Problem statement: Make an exact copy of the data below, leaving out every picture.

Given material:
—————
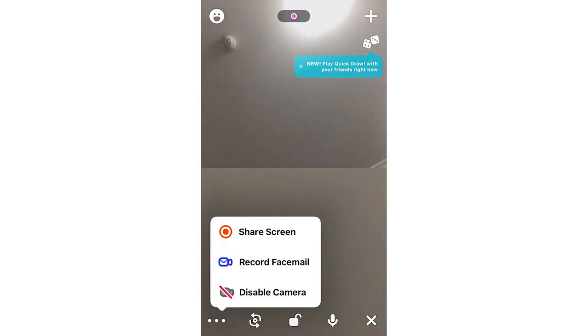Then once you're there, you're going to want to click the bottom left hand corner with the three little buttons there. You're going to click that and it's going to bring up this right here where it says share screen and a little pop-up there.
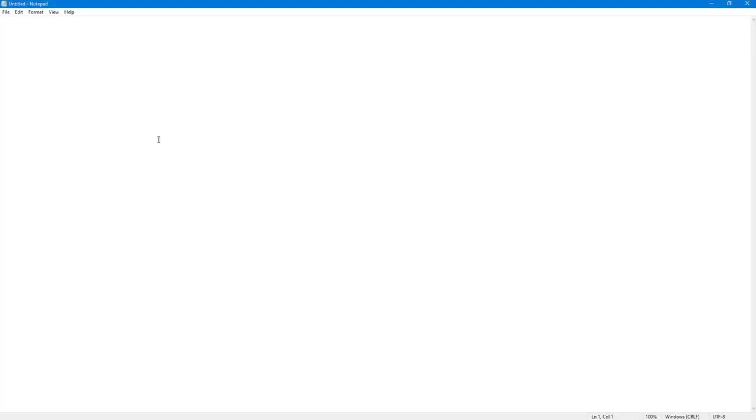Over here you can see that I have a notepad file. What you can do using notepad file is save out your document in different formats so that you can open it with different applications and then edit it further.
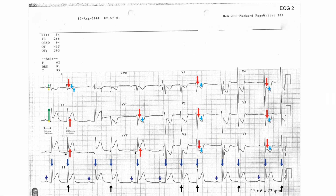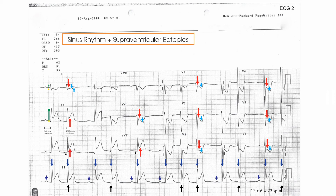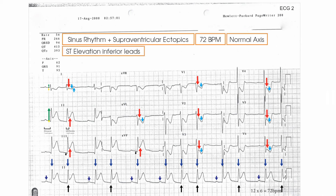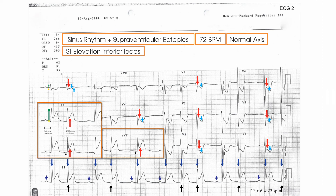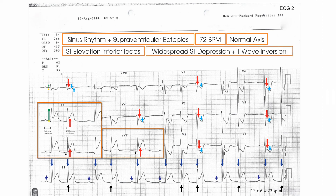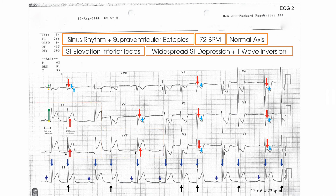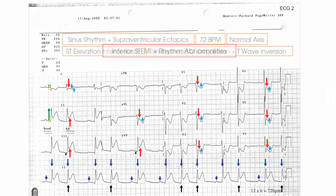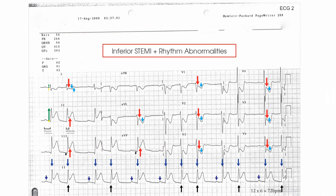In summary, this ECG recorded from a patient with chest pain is in sinus rhythm with supraventricular ectopics at 72 beats per minute with a normal axis. ST-segment elevation in the inferior leads and ST-segment depression with T-wave inversion throughout much of the rest of the ECG would suggest that the patient is having an ST-segment elevation myocardial infarction, complete with rhythm abnormalities.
—————
Exercise output:
Then once you're there, you're going to want to click the bottom left hand corner with the three little buttons there. You're going to click that and it's going to bring up this right here where it says share screen and a little pop-up there.
Over here you can see that I have a notepad file. What you can do using notepad file is save out your document in different formats so that you can open it with different applications and then edit it further.
In summary, this ECG recorded from a patient with chest pain is in sinus rhythm with supraventricular ectopics at 72 beats per minute with a normal axis. ST-segment elevation in the inferior leads and ST-segment depression with T-wave inversion throughout much of the rest of the ECG would suggest that the patient is having an ST-segment elevation myocardial infarction, complete with rhythm abnormalities.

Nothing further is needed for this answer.